New Data Organization

To overcome these problems, configuration data is now stored in a more organized and unified way.

Configuration data is organized hierarchically. The topmost level of this unified hierarchy are 'components' (or 'modules') - logical units that can be used or installed independently. Often they are associated with an actual program component. Each component can freely define the configuration data it needs. Data is structured by combining related settings into groups, thereby forming a hierarchical structure.

Configuration items cannot be added randomly, though, but must be defined in a configuration schema, which needs to be installed with the application or component. This schema defines the names, data types and structural relationship of configuration items. It can also specify default values for settings. Relevant information from the schema is accessible in the API either through explicit queries or implicitly.

We use an application-specific XML file format for schema descriptions. Schema entries can and should be documented within the schema definition. The schema language supports reusing partial structures as templates, to help achieve consistent naming and structuring for similar data.

Individual data items or whole structures may have default values. A meaningful set of default values should be specified in the schema. Some implementations may have other ways to specify (and maybe change) default values (e.g. by providing an environment for administrators to prescribe standard settings for users or user groups).

Storage Transparency

This hierarchy is accessed through a UNO service, which allows the underlying implementation to vary. In particular, we can now use various backend stores and adjust the format of the stored data accordingly. The schema information and initial data, in the format required by the backend, can be generated from the schema description (e.g using XSLT).

The initial implementation of this service for OpenOffice uses a file-based configuration store again. The hierarchical data is stored in XML files. The implementation also supports a configuration server to which it talks using an XML-based RPC protocol over a data stream implementation (initially sockets). There is an implementation of a configuration server that serves this protocol and which is used in Sun (TM) Webtop. Currently (early 2001) this server is not available as Open Source and is therefore not part of OpenOffice.org. [NOTE: The author has no information as to whether and when this might change].

It is expected that further backends will be added in the future. This can be done by (a) creating a new implementation of the UNO services described in this document, (b) implementing a server that serves the existing XML protocol or (c) adding a new storage implementation to the existing implementation (this may include a 'plugin' interface for backend implementations). In each case there is the problem of configuring the configuration store: How to specify which storage should be used (at either install or run time).

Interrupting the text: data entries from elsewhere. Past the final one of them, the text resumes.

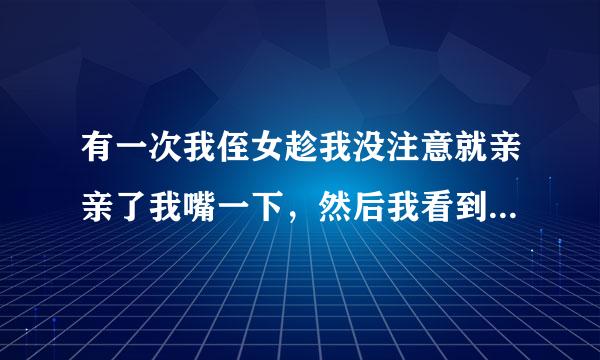 有一次我侄女趁我没注意就亲亲了我嘴一下，然后我看到了，她害羞的把头放到我的肩膀后面去了。。。还有她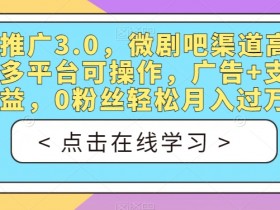 短剧推广3.0，微剧吧渠道高收益，多平台可操作，广告+支付双收益，0粉丝轻松月入过万【揭秘】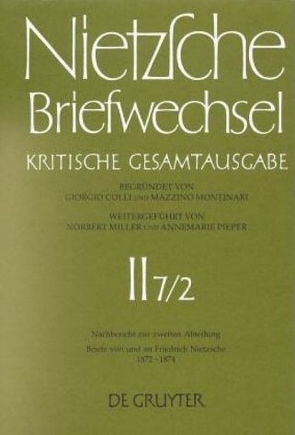 Friedrich Nietzsche: Briefwechsel. Abteilung 2. Nachbericht zur zweiten Abteilung / Briefe von und an Friedrich Nietzsche Mai 1872 – Dezember 1874 von Bollinger,  Andrea, et al., Pieper,  Annemarie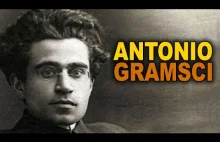 Antonio Gramsci i jego plan zniszczenia kultury zachodniej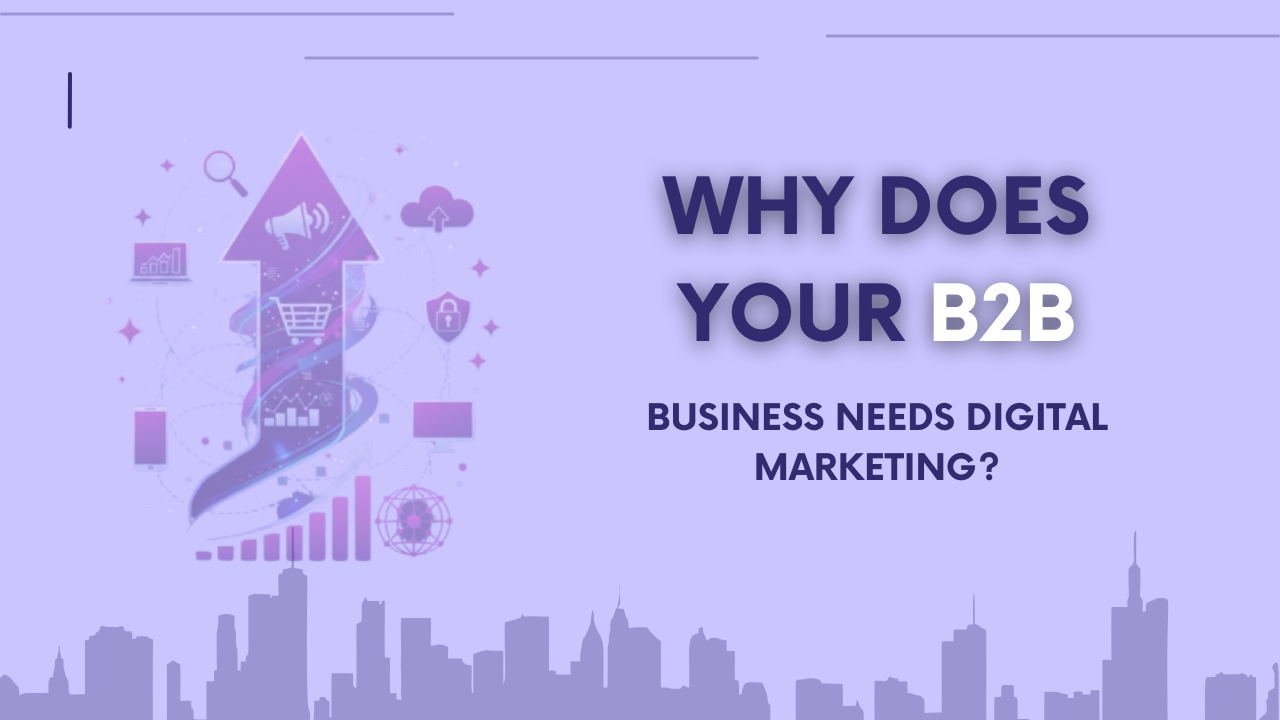 Why You Require Digital Marketing for Your B2B Business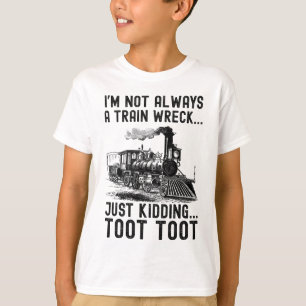Camiseta No Siempre Soy Un Desastre De Tren Es broma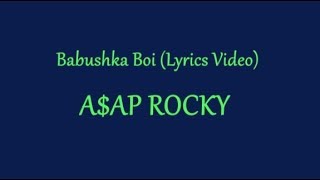 A$AP Rocky - Babushka Boi (Lyrics Video)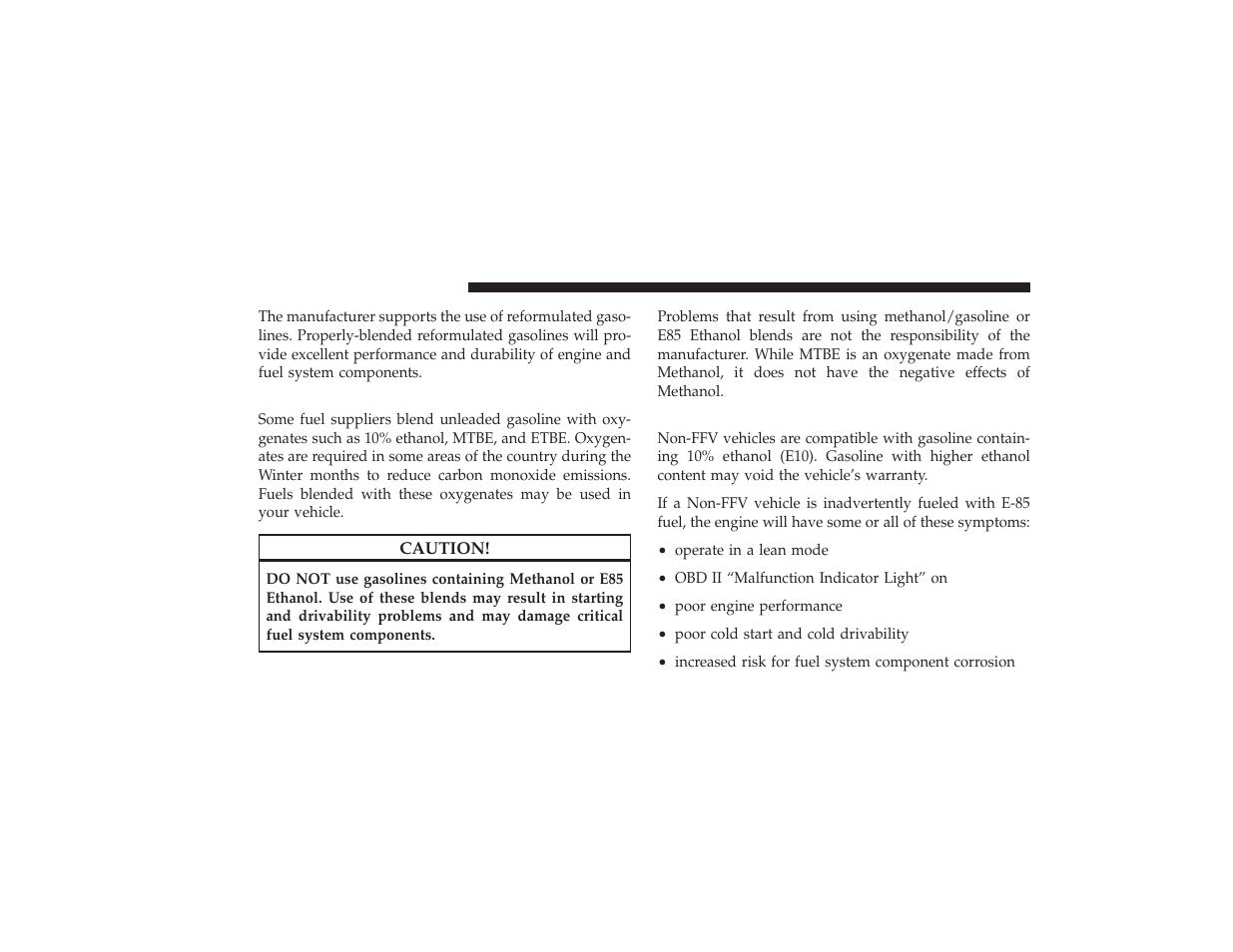 Gasoline/oxygenate blends, E-85 usage in non-flex fuel vehicles | Dodge 2009 Ram 3500 User Manual | Page 378 / 532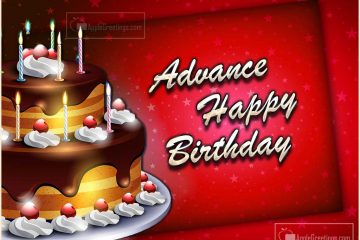 Sweet Advance Happy Birthday Wishes And Birthday Wishes Cake Images For Share With Best Friend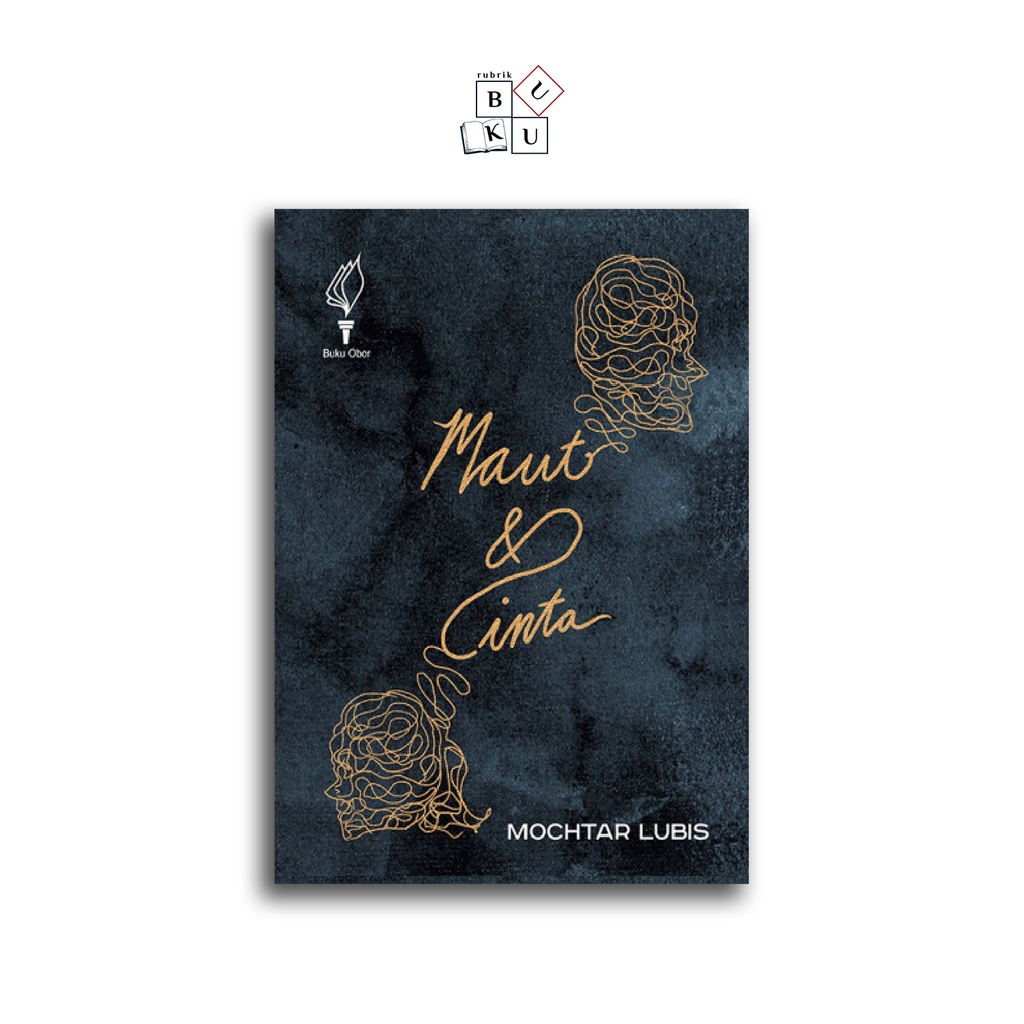 Rubrik Buku - Maut Dan CInta - Mochtar Lubis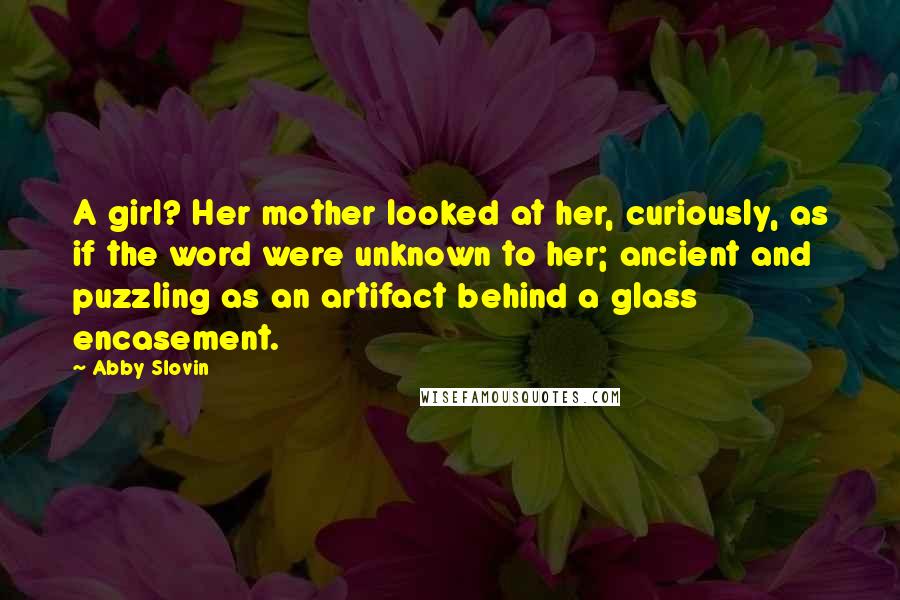 Abby Slovin Quotes: A girl? Her mother looked at her, curiously, as if the word were unknown to her; ancient and puzzling as an artifact behind a glass encasement.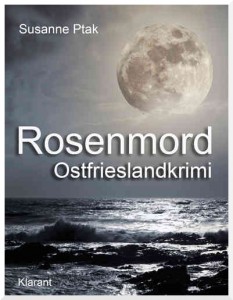 Cover des Ostfrieslandkrimis Rosenmord von Susanne Ptak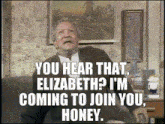 You Hear That I’m Coming To Join You GIF - You Hear That I’m Coming To Join You Elizabeth GIFs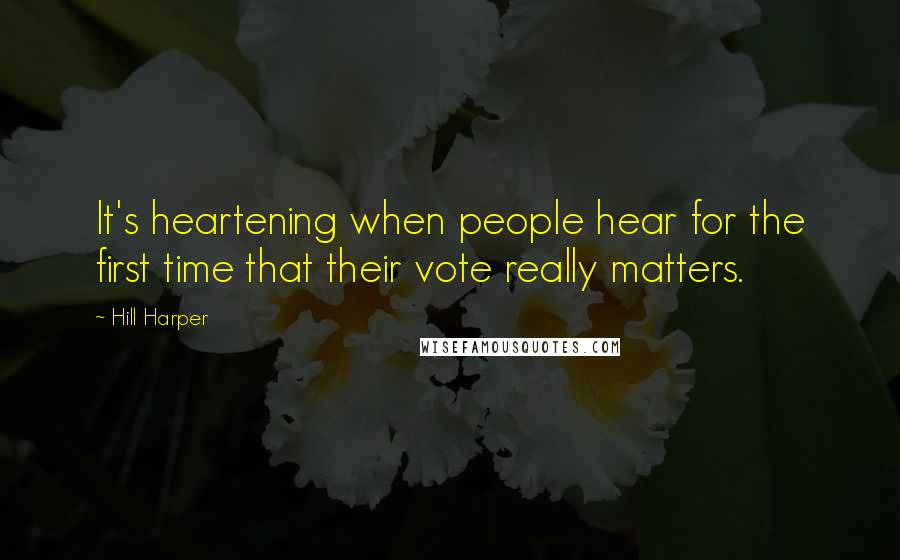 Hill Harper Quotes: It's heartening when people hear for the first time that their vote really matters.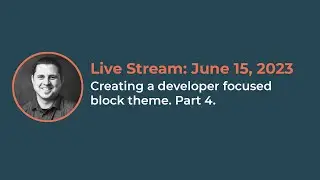 Building a developer-focus block theme. Part 4.  Live stream from June 15,  2023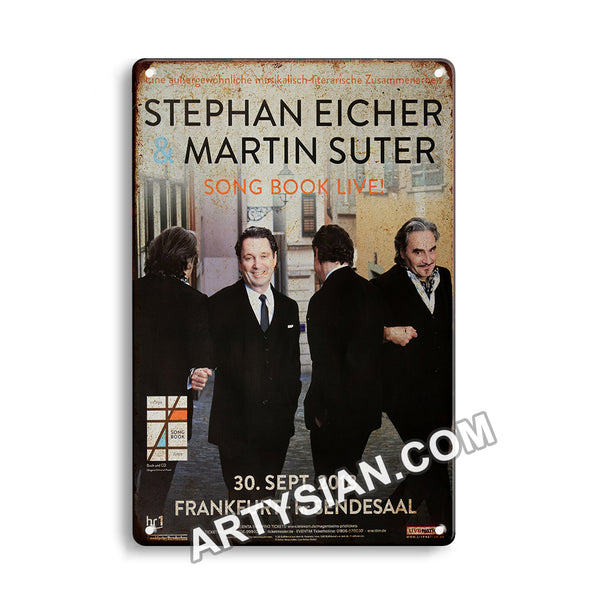 ARTYSIAN Stephan Eicher & Martin Suter - Song Book Live, Frankfurt 2018 - Konzertplakat-Metal Sign 30X20cm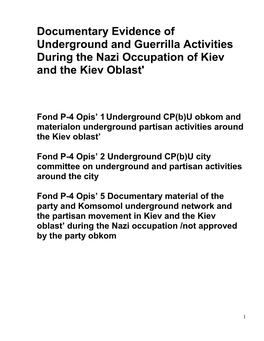 Documentary Evidence of Underground and Guerrilla Activities During the Nazi Occupation of Kiev and the Kiev Oblast'
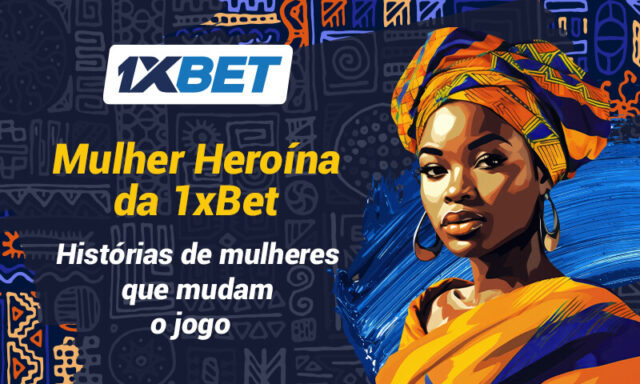 Mulher Heroína da 1xBet: histórias de mulheres que mudaram vidas em Moçambique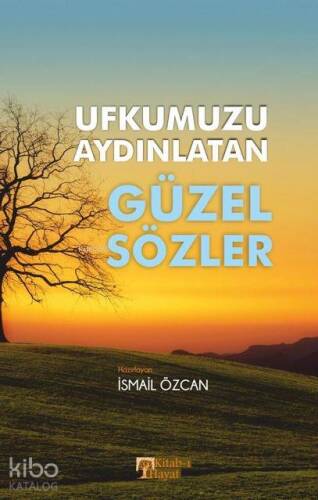 Ufkumuzu Aydınlatan Güzel Sözler - 1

Configuration Object Model


As mentioned above, configuration elements have to be specified in a configuration schema. The configuration schema describes a hierarchical data structure. It offers several kinds of elements, some of which serve to combine related elements into logical groupings, while others hold the actual data.

Elements have a well-defined Type. The Type of a data element corresponds directly to the type of data it can hold, while the Type of a structural element depends (recursively) on the Types of the Child elements it contains and the way those are combined. A Type may be described in the schema as a separate named entity, called Template, or it may be implicit in the definition of an element. Templates allow reusing a type in multiple places in a schema and dynamic creation of elements of a given type.

Generally the restrictions on types are designed in a way that the schema describing a part of the configuration can be reconstructed from an instance of that schema (or at least that there is a reasonably efficient representation of the instance that allows reconstructing the schema).

The following kinds of elements can be used to build a configuration schema:

Value Elements

Value elements hold actual data values. Values must have one of a number of supported data types.

The following Basic types are supported:

string

Plain Text (Sequence of [printable] Unicode characters)

boolean

Boolean value (true/false)

short

16 - bit integer number

int

32 - bit integer number

long

64 - bit integer number

double

floating point number

binary

Sequence of uninterpreted octets


Please note that binary values should be used only for small chunks of data that cannot easily be repreesented otherwise. The configuration service may not handle large BLOBs efficiently.

Also supported are Lists (ordered sequences) of each of the Basic types. [NOTE: This means that the lists must be homogeneous - mixed lists are not supported]. The configuration treats lists as atomic data types - there is no support for accessing lists elementwise.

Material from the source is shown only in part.